Despite my artistic talent I was determined to be an actor “when I grew
up”. At the age of nineteen, I moved to Toronto, Canada to study theatre
at university. Four years later I graduated from university, moved into
my own apartment, and embarked on a career as an actor and, of course,
waiter.
I
remember feeling a strange sense of elation upon having survived childhood,
a rural environment, education, and the knowledge that made my sexual
orientation, (which was never a mystery or problem to me personally),
would forever cause some people who never met me and would never know
me, to hate me and others like me.
 Life
goes on. Within months of feeling this sense of peace (probably for the
first time) a dinner conversation in a restaurant introduced me to a new
word that would forever change my life and the lives of so many others:
AIDS.
Life
would never be the same again, and the importance of life (my own and
others’) would be changed forever for me. I was surrounded by a plague
that stigmatized gay people to a degree that actually exceeded that which
we had already suffered. An overwhelming and paralyzing sense of fear,
anger, sadness, and loss enveloped my life and the lives of so many others.
Being
an actor suddenly meant very little to me. I felt powerless.
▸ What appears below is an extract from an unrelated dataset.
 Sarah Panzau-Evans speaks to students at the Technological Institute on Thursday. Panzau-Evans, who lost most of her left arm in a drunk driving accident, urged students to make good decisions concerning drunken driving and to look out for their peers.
I could not
stop the dying or find a cure for the insidious disease. Maybe, just maybe,
I could help find a cure for the hatred, fear, and ignorance that surrounded
so many young men around the world as they lay in hospital beds and drew
the last breaths of unfinished lives. I started to paint.
Slowly, sporadically,
and privately I taught myself how to paint (previously I had only drawn)
and began creating paintings about the things that all human beings share.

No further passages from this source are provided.